The Power Of Social Media: 10 Years, 10 Amazing Stories Made Possible By Facebook

by Aaron Kaufman

Tuesday marked the tenth anniversary of Facebook, the social networking site now trafficked by nearly one-sixth of the global population each month.

For most of us, Facebook serves as a momentary distraction, a way to stalk former loves, or as a means to check in on people you don’t care enough about to call.

But over the course of 10 years, Facebook has been the catalyst for some truly wonderful moments.

As we collectively reminisce over 10 years of sharing, poking and liking, let’s also take a look back at 10 remarkable stories that wouldn’t have been possible without Facebook.

1) They Were Friends on Facebook Before They Knew They Were Sisters

Last month, we published an article about two college freshmen whose friendship on Facebook blossomed before they ever met in person. When they arrived at Tulane University at the start of the semester and arranged to meet each other, the girls discovered that they shared a lot in common. And they looked a lot alike. And they were both conceived using a sperm donor…

Still not sure how that subject came up in conversation.

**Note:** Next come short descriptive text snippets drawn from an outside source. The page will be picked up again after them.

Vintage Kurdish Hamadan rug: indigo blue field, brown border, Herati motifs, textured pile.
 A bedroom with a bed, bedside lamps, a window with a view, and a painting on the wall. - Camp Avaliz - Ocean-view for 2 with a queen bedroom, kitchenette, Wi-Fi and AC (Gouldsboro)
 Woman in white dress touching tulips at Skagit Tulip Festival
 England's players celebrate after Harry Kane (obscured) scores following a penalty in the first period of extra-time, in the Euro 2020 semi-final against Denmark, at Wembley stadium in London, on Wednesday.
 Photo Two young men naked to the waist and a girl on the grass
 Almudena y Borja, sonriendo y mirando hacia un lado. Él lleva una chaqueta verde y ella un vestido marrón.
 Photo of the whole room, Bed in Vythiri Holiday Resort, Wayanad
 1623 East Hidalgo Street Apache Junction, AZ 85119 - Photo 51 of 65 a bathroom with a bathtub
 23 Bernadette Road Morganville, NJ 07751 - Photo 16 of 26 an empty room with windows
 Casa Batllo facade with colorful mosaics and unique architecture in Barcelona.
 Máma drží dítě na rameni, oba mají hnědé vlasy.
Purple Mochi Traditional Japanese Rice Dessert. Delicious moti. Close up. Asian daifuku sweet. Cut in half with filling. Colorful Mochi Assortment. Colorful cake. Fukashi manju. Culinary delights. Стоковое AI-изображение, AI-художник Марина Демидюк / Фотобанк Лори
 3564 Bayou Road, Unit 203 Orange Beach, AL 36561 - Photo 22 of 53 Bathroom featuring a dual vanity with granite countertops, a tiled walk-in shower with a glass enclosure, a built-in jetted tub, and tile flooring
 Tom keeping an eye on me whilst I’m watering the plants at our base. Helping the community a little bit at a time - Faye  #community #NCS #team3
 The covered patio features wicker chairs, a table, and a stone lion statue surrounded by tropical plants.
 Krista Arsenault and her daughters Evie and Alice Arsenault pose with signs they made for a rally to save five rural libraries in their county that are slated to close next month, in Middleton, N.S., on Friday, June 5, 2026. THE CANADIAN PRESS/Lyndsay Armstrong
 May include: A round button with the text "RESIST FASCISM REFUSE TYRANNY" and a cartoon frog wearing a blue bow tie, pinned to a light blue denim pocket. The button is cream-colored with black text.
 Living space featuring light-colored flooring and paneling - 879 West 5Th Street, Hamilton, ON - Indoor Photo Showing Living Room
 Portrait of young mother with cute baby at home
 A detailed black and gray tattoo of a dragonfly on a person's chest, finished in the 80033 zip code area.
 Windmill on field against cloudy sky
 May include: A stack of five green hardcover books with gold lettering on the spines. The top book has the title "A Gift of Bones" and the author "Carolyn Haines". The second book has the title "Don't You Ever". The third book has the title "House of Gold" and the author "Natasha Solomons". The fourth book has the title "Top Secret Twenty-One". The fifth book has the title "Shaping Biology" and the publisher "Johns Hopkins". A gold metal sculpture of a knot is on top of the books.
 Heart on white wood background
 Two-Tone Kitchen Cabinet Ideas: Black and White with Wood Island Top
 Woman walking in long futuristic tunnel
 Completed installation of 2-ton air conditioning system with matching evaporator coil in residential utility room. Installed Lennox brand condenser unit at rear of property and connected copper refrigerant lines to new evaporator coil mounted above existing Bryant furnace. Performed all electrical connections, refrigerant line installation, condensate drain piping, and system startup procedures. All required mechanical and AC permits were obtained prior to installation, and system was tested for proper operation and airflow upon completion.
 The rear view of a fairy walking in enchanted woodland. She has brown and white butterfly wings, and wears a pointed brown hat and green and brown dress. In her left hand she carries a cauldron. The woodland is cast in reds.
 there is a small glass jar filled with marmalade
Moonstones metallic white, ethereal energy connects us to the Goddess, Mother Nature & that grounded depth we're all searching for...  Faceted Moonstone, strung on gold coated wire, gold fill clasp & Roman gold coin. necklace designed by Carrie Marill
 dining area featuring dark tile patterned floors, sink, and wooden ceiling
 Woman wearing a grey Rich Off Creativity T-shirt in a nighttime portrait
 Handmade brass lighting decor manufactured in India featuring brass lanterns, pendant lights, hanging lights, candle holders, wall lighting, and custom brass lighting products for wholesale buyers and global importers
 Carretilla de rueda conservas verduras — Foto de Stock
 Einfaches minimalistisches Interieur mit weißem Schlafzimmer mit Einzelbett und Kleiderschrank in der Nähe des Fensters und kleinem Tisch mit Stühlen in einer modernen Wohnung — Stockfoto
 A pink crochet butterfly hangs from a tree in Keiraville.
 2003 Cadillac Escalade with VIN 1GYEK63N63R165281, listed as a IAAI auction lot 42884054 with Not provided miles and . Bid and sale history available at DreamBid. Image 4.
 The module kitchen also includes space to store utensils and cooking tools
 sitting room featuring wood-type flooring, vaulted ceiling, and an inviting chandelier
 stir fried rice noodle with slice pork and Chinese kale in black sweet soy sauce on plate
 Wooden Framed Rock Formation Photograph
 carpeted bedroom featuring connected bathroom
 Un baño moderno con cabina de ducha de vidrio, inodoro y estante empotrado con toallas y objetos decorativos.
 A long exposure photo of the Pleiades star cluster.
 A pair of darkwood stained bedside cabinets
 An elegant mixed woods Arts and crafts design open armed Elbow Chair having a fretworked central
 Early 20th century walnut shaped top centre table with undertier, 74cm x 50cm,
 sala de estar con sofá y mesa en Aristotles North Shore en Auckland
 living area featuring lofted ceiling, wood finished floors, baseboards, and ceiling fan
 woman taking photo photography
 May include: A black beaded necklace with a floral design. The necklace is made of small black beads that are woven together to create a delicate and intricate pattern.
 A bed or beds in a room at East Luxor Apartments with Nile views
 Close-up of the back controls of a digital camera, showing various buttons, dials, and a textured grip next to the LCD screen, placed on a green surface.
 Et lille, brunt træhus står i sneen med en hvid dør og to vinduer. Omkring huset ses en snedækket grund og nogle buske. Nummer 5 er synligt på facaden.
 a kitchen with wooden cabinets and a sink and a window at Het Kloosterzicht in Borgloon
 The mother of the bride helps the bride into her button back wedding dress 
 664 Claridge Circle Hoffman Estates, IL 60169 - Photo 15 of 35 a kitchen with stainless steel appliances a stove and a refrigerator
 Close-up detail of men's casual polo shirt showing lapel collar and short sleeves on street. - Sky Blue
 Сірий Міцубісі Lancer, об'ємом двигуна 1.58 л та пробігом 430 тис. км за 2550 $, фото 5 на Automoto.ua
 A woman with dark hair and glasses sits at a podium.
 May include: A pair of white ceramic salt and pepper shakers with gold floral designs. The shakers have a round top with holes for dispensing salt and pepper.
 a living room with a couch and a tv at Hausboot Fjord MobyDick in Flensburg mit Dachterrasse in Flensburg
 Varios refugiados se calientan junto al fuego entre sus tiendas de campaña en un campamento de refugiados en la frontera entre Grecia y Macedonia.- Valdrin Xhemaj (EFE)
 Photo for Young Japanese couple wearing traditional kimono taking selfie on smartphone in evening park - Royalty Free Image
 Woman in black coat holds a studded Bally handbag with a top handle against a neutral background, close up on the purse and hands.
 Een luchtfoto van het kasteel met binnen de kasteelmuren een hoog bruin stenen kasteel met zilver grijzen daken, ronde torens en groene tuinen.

It turns out that the girls who struck up a friendship over social media had more in common than their love of Adam Levine and Gossip Girls (speculation). In fact, the girls discovered that their parents’ sperm donation number was identical, making them half-sisters.

2) Strangers Raise $50,000 on Facebook for a Severely Injured Skydiver

Ben Cornick, 31, was working as a skydiving instructor in Fiji when he suffered life-threatening injuries after slamming into a parked van after a 12,000-foot jump.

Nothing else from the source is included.